23 августа 1880 года

Английская Гвиана

Рейд Джорджтауна.

Уважаемый господин директор!

Я закончил мое последнее письмо в виду Антильских островов.

Появившаяся вдали Гваделупа была похожа на белое облачко.

«Лафайет» шел вдоль берега острова Дезирад, одного из первых французских владений на Гваделупе. Громко сказано для обозначения этого маленького островка, но другого, увы, не существует. Точно так же, как сантим, франк и луидор объединены общим понятием «деньги», так и риф, банка, остров или континент — все это «владения».

Остров Дезирад появился на горизонте на заре, словно крепость с двойными рядами каменных укреплений с земляными валами.

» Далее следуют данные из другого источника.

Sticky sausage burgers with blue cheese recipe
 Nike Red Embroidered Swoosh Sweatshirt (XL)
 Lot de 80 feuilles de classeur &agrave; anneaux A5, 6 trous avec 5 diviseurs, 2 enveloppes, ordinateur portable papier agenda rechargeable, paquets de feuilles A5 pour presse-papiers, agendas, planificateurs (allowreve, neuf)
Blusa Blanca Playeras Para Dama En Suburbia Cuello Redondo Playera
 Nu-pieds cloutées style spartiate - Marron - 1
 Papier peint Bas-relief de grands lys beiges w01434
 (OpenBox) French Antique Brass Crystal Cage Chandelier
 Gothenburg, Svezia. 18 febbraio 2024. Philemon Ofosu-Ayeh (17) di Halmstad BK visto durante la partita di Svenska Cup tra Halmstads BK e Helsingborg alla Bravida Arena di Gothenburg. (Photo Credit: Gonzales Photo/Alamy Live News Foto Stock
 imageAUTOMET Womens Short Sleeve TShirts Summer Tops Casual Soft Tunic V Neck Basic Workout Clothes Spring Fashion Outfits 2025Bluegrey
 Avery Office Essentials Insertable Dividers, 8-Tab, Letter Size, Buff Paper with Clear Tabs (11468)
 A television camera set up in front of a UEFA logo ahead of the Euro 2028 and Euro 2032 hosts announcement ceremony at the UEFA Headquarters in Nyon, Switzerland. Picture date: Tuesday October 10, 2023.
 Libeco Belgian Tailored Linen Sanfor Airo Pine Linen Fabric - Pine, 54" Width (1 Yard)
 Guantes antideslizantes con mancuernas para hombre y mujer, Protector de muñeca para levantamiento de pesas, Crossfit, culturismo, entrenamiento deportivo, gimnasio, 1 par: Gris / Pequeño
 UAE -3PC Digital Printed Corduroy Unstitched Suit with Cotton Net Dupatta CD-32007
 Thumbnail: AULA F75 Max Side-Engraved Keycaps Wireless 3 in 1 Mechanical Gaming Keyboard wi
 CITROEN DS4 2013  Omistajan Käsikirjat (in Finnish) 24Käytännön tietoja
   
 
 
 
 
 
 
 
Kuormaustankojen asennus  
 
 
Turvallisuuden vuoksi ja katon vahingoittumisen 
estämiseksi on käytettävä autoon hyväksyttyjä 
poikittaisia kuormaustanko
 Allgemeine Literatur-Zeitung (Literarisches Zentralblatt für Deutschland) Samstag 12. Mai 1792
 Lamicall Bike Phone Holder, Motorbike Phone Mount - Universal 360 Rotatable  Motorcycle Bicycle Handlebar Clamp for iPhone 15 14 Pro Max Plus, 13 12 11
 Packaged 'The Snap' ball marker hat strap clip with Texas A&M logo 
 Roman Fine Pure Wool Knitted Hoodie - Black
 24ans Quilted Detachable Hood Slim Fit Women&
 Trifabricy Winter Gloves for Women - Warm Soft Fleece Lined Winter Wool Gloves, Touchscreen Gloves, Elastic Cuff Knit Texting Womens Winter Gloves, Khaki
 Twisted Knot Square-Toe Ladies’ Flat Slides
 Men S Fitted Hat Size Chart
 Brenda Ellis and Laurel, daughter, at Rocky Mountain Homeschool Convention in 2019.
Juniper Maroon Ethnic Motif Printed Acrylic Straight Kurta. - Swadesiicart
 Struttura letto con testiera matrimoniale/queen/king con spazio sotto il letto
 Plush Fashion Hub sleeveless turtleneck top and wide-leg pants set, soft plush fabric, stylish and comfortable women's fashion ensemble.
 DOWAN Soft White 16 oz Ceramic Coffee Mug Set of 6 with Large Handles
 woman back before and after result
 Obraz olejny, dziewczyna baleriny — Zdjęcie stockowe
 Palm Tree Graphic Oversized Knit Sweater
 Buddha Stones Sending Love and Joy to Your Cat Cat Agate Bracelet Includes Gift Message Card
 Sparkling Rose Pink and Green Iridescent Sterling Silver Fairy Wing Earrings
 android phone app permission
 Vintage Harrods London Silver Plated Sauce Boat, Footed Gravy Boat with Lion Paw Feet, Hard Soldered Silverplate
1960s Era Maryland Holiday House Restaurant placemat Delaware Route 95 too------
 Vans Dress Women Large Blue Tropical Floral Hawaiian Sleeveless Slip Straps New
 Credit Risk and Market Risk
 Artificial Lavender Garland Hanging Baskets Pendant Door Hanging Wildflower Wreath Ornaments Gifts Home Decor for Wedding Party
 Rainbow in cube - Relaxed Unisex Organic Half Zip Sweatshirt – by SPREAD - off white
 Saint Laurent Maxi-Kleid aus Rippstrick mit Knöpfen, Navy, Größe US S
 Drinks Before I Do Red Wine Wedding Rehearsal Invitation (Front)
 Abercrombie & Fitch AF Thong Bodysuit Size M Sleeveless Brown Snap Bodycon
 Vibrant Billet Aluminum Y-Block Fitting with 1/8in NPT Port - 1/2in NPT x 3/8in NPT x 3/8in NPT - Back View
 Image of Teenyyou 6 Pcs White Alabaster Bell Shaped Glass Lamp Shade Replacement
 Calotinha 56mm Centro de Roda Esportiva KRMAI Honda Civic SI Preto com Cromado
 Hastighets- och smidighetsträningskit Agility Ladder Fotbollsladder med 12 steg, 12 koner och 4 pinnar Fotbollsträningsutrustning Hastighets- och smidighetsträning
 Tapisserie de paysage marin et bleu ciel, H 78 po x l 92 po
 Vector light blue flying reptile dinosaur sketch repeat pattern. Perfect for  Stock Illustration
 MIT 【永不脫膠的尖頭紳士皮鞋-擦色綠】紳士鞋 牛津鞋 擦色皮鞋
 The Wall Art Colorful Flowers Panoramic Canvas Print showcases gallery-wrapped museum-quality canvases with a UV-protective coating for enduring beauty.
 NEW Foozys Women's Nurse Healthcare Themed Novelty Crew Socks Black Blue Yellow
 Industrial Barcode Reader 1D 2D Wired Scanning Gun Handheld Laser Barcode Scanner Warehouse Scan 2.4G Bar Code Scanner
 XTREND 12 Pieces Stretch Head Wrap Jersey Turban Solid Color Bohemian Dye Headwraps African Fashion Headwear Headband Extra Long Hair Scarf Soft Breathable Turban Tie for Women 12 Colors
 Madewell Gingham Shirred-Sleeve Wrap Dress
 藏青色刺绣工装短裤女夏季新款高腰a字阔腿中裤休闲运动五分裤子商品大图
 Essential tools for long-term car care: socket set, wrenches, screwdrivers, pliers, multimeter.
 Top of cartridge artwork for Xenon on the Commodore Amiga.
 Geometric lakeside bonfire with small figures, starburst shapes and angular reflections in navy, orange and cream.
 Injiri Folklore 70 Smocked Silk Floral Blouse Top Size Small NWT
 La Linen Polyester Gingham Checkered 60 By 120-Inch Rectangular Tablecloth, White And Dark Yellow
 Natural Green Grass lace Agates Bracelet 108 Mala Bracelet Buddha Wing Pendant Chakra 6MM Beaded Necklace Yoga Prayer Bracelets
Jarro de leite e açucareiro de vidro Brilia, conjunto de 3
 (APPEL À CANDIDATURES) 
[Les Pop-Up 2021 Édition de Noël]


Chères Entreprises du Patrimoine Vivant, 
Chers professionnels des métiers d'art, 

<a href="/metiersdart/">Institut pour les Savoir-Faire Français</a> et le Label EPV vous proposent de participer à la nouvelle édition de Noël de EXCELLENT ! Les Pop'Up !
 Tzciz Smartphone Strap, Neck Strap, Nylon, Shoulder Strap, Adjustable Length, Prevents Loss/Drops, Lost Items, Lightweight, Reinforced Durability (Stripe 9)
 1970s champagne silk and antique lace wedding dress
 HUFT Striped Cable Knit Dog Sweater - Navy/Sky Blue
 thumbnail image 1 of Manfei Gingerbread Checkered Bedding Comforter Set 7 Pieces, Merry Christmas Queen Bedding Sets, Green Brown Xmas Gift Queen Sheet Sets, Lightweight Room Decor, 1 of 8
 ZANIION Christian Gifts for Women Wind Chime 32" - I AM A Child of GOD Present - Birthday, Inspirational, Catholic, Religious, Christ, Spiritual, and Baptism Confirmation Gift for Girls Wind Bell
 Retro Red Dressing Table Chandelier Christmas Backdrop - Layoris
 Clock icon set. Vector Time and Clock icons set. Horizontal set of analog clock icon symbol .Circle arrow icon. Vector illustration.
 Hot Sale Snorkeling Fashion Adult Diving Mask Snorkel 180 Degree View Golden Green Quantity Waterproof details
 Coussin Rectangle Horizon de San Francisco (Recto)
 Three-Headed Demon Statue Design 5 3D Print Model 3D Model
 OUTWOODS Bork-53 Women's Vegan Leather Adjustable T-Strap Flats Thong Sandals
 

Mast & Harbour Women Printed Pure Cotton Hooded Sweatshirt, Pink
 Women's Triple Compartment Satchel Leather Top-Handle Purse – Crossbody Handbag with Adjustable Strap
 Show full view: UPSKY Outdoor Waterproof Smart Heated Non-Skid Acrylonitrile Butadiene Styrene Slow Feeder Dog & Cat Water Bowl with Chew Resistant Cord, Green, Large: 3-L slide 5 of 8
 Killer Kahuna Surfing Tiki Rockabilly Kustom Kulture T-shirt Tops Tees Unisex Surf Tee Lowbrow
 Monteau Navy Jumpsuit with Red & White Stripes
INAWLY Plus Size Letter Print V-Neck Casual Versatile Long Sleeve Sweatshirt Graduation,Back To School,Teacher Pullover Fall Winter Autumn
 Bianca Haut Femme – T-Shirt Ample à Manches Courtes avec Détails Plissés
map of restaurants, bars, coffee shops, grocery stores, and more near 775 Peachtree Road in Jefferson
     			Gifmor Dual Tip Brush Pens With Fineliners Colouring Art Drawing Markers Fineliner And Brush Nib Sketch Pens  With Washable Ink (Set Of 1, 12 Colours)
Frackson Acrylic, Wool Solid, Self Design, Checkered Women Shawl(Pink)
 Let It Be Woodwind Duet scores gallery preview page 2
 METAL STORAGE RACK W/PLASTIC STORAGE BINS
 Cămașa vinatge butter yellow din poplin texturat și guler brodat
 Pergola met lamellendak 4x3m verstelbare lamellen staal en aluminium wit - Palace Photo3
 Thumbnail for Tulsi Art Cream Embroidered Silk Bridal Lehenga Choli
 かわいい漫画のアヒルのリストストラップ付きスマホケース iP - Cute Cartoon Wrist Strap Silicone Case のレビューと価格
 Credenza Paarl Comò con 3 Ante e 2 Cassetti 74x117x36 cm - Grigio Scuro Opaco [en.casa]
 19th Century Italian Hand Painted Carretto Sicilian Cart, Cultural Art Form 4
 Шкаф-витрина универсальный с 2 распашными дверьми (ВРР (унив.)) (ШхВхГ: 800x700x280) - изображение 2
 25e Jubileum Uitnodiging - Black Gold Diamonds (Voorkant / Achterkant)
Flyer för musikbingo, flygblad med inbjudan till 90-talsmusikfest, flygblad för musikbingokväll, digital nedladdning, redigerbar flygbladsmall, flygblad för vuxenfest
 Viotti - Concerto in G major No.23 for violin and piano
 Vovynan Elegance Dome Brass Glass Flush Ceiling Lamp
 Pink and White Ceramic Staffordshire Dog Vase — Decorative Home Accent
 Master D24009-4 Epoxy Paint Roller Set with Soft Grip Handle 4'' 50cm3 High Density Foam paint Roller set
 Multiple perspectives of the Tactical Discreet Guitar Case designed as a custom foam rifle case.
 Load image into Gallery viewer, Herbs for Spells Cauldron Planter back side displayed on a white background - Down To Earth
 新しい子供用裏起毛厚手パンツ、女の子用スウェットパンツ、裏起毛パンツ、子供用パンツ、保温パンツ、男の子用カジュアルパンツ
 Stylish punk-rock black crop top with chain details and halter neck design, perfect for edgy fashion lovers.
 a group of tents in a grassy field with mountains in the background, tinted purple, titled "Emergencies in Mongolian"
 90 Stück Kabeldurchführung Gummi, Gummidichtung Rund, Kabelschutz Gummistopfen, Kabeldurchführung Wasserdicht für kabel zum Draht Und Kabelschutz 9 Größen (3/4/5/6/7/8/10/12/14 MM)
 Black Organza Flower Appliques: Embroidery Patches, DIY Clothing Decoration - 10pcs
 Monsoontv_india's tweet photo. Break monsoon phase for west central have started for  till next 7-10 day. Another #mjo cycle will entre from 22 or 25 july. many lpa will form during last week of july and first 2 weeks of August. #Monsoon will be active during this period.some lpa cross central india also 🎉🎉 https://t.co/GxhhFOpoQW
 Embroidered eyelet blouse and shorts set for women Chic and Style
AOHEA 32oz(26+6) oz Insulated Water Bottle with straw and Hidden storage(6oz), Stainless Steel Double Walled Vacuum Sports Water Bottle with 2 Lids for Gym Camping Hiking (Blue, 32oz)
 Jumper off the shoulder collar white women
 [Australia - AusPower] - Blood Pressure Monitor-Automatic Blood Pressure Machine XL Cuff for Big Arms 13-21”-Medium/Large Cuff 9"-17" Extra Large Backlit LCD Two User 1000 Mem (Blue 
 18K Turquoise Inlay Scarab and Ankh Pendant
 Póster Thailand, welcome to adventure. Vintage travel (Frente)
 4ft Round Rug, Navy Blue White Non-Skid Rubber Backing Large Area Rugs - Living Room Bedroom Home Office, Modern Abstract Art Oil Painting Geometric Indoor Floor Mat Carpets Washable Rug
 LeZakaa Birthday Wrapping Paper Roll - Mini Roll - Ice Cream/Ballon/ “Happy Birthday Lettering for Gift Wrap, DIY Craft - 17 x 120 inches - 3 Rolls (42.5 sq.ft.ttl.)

Это угрюмая, невозделанная, лишенная растительности земля всего с несколькими десятками жителей. Непонятно, как и на что они живут. Общение с Большой землей происходит один-два раза в месяц, все остальное время островитяне занимаются тем, что созерцают безграничный океан да скребут свои голые скалы. Но что там может произрастать? Не буду слишком углубляться в эту проблему, ограничусь лишь констатацией факта, что эта земля обитаема. Более того, здесь имеется даже свой мэр — господин Пэн. Во всяком случае, хлеб жителям острова был обеспечен.

Но вот наконец и Гваделупа. Перед нами возник сначала огромный утес, похожий на голову великана, тело которого по самую шею казалось погруженным в воду. Такой же четко очерченный профиль, но в слегка искаженном виде повторился и в следующем утесе. С некоторой долей фантазии можно было бы предположить, что некий гигант не решается погрузить свои толстые губы в пенный напиток, что беспрерывно поставляет морская фея.

Но хватит сказок! Оставим их для тех, кто путешествует, сидя дома, а мы отправимся в Пуэнт-а-Питр.

Пассажиры уже высыпали на палубу. Сто пятьдесят биноклей и подзорных труб нацелились на город. Пронзительно, во всю силу медных глоток заревели трубы, вслед за тем грянули два пушечных залпа и на грот-мачте взвился голубой флаг с белым квадратом посередине.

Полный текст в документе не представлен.